##### GIVEN INFORMATION

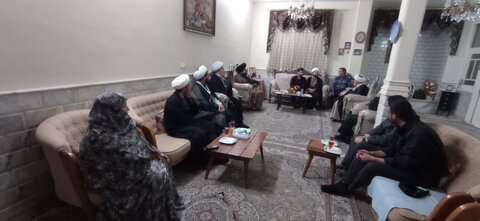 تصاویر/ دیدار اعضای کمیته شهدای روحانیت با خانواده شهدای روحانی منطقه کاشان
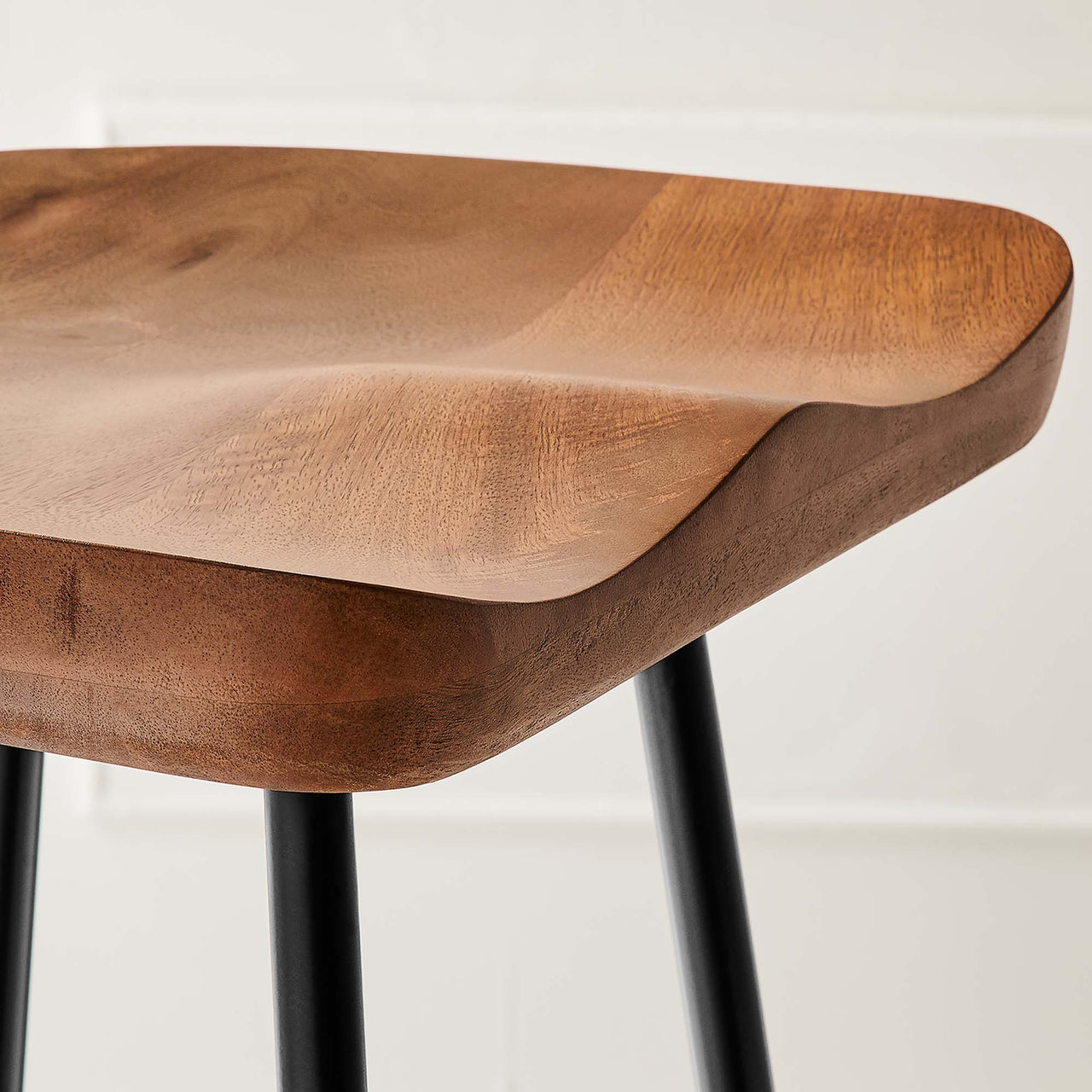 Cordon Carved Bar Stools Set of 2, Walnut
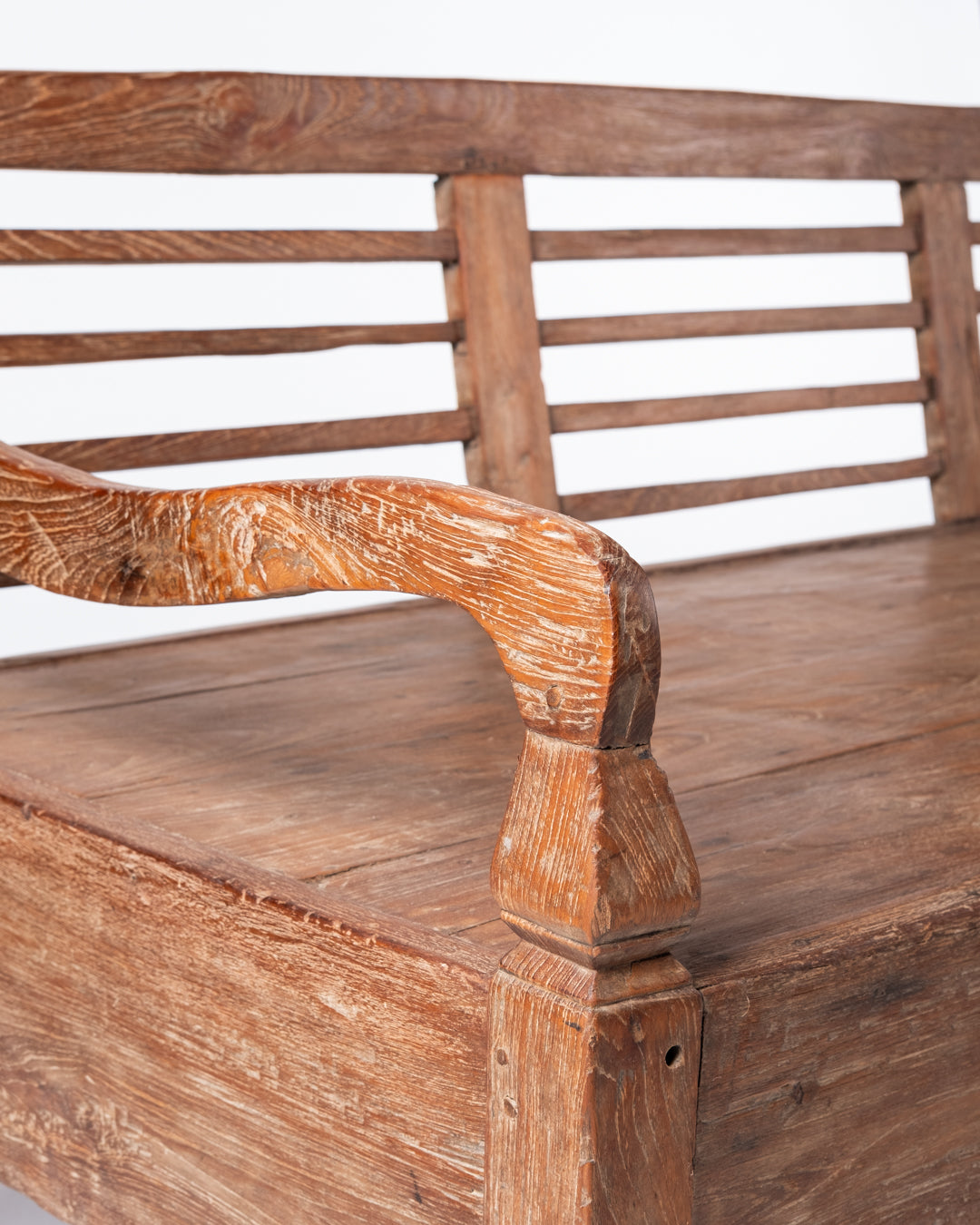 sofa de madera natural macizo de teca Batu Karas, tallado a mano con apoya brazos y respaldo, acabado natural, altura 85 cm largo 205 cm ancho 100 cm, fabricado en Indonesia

##########

● **ACTIVITY**
Reproduce the material word for word, pictures excluded.

● **EXPECTED ANSWER**
 تصاویر/ دیدار اعضای کمیته شهدای روحانیت با خانواده شهدای روحانی منطقه کاشان
 Cordon Carved Bar Stools Set of 2, Walnut
 sofa de madera natural macizo de teca Batu Karas, tallado a mano con apoya brazos y respaldo, acabado natural, altura 85 cm largo 205 cm ancho 100 cm, fabricado en Indonesia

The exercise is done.